Midway Rising Fined $5,000 for Failing to File Lobbying Disclosure Until Nearly Year After Due

by on February 13, 2023 · 2 comments

in Ocean Beach, San Diego

Brad Termini, the CEO of Zephyr, part of Midway Rising. Termini and spouse were the largest donors to Gloria’s mayoral campaign.

The Voice of San Diego reporter Andrew Keats broke a story at the end of last week that Midway Rising, the Sports Arena redeveloper, was fined $5,000 by the San Diego Ethics Commission for failing to submit a disclosure form that informed the public of its political investments until nearly a year after it was due.

Of course, it didn’t really matter as the San Diego City Council chose the partnership Midway Rising – pushed by Mayor Gloria – as the winning developer without the benefit of any disclosures. And Keats notes, “That made it impossible for the public to consider that political spending ahead of the city’s selection.”

In September 2022, the San Diego City Council chose the partnership Midway Rising, led by Zephyr development, to redevelop the Sports Arena.

At the end of his article, Keats reminds us:

In the days leading up to the City Council’s decision, Midway Rising and Mayor Todd Gloria’s office were fending off scrutiny over a different public disclosure: donations from Brad Termini, the CEO of Zephyr, to a political action committee that supported Gloria’s mayoral election. Termini and his wife donated $100,000 to a committee, sponsored by the labor union Laborers International Union of North America Local 89 in late 2019, ahead of the March 2020 mayoral primary.

(You may recall that the Rag was all over this.)

Gil Cabrera

But Keats also finds that the Ethics Commission settlement with the partnership that led to the fine  has revealed major spending the group made to a local political consultant. “That consultant guided the group’s political strategy ahead of the city’s selection, before the start of a separate campaign to lift the height limit on new development in the Midway area handled by other strategists.”

Midway Rising’s spending was for a “paid political consultant to advise respondents and to prepare external public communications regarding the development,” according to the settlement.

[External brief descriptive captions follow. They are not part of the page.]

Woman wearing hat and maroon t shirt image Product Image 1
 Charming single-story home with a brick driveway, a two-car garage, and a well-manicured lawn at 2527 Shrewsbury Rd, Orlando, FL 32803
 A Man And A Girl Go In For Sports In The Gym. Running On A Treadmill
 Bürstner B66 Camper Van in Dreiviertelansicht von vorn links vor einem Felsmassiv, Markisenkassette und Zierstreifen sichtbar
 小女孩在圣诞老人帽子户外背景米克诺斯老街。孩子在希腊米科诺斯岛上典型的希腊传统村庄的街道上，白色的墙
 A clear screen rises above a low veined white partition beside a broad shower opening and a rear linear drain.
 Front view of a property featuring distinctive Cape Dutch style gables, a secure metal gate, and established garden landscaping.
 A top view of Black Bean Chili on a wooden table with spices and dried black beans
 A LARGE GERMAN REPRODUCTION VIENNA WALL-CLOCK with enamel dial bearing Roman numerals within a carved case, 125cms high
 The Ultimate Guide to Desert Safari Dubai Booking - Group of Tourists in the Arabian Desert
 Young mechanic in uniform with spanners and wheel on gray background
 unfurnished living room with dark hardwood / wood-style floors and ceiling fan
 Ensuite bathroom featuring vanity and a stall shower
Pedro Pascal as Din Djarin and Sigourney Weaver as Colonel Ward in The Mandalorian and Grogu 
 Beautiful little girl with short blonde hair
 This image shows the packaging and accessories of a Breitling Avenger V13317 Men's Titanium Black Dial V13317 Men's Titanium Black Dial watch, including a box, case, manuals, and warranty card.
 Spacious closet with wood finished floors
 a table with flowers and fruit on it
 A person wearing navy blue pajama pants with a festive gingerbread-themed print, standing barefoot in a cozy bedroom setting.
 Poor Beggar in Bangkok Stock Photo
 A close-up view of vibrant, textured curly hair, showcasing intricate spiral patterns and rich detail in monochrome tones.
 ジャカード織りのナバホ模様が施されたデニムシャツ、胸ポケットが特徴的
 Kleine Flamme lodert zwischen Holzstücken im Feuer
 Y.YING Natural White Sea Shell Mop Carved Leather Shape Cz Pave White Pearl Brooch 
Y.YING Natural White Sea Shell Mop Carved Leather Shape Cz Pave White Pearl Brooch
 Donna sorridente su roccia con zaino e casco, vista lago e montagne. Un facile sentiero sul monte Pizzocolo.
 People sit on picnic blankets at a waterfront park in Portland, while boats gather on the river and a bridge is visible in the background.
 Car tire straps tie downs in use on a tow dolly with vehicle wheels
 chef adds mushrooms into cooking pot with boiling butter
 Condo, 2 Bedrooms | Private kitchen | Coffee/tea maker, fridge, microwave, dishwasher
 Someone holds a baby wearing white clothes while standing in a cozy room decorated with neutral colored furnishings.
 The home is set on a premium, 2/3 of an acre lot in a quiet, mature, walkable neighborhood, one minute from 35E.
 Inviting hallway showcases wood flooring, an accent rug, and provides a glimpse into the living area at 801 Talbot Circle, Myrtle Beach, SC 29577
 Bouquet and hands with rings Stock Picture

The political consultant is not named in the disclosure or in the Ethics Commission’s settlement write up. But Midway Rising’s political consultant was Dan Rottenstreich, a strategist for many Democratic candidates and campaigns in the county.

The overdue disclosures concerned $154,000 that Midway Rising paid Rottenstreich between October 2021 and July 2022. Subsequent filings have brought the company’s total expenditure on Rottenstreich to $203,000. Rottenstreich said he was paid for helping craft the project’s image and the company’s messaging, political strategy and press relations, along with typical work like building the project’s website and placing social media ads.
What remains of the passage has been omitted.